Exact copy, no pictures: return all the data below as written.

=== SUPPLIED DATA ===
☆ ☆ ☆
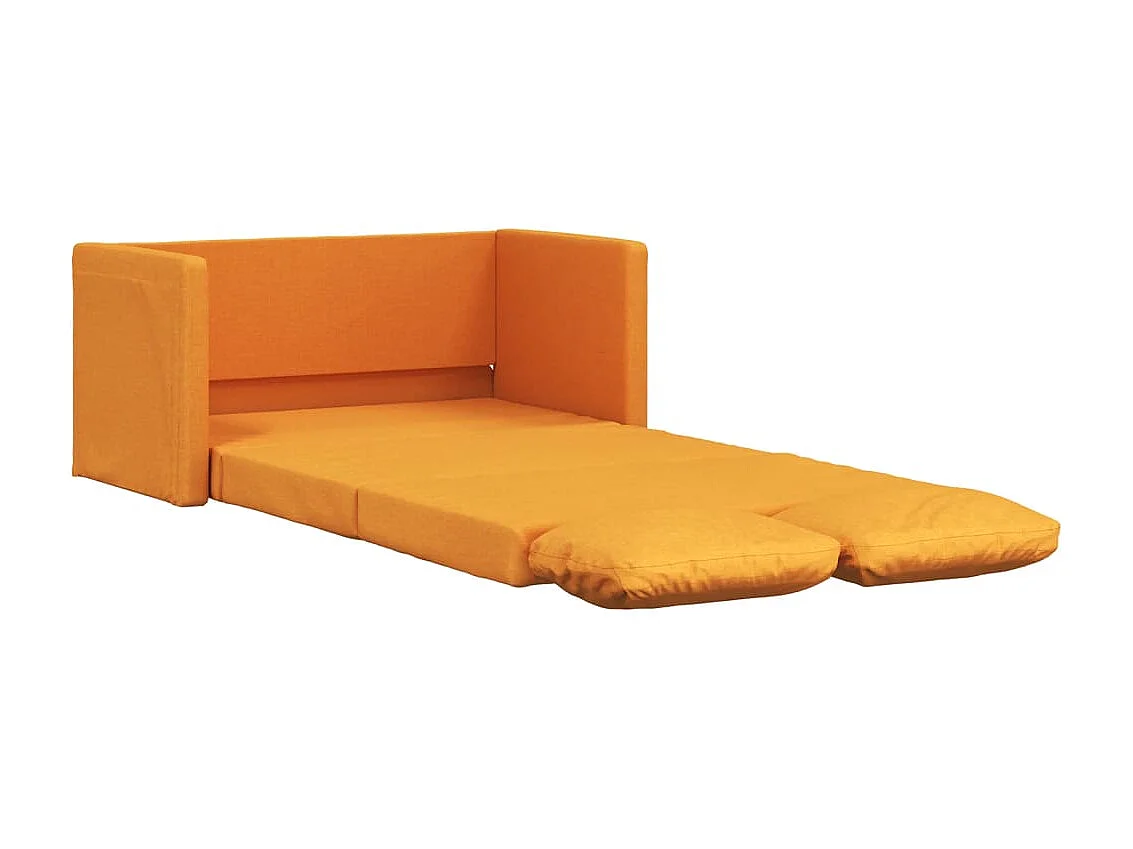 Canapé convertible 2 en 1 jaune foncé 112x174x55 cm tissu LODW84448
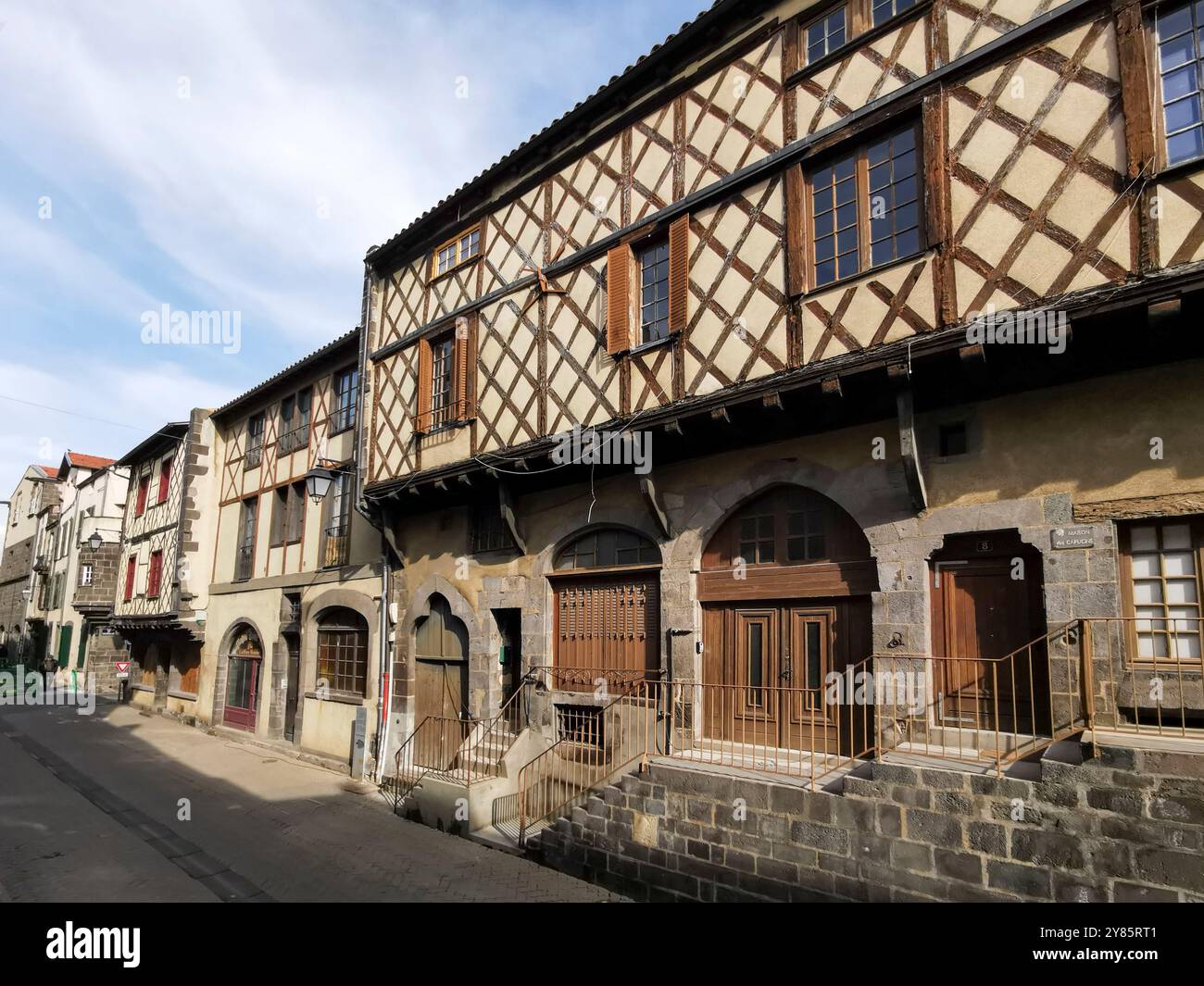 Montferrand city, facade of a timber-framed house in the medieval quarter, Puy de Dome department, Auvergne Rhone Alpes, France, Europe - Smartphone Captured Stock Image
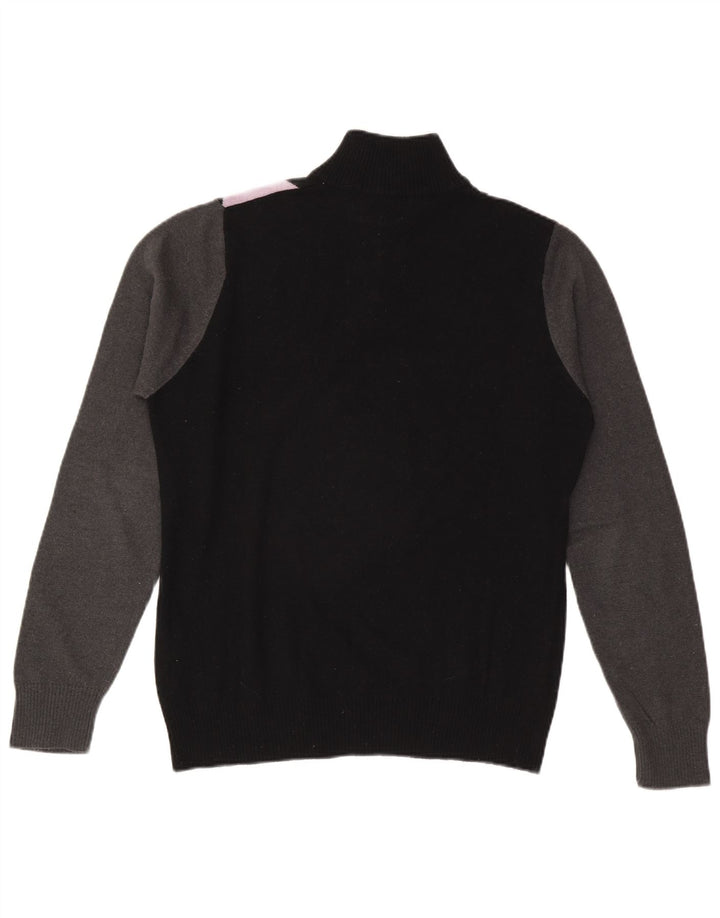 Sergio Tacchini Pulover pentru bărbați cu fermoar și gât, mediu negru Argyle/Diamond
☆ ☆ ☆
=== SOLUTION ===
 Canapé convertible 2 en 1 jaune foncé 112x174x55 cm tissu LODW84448
 Montferrand city, facade of a timber-framed house in the medieval quarter, Puy de Dome department, Auvergne Rhone Alpes, France, Europe - Smartphone Captured Stock Image
 Sergio Tacchini Pulover pentru bărbați cu fermoar și gât, mediu negru Argyle/Diamond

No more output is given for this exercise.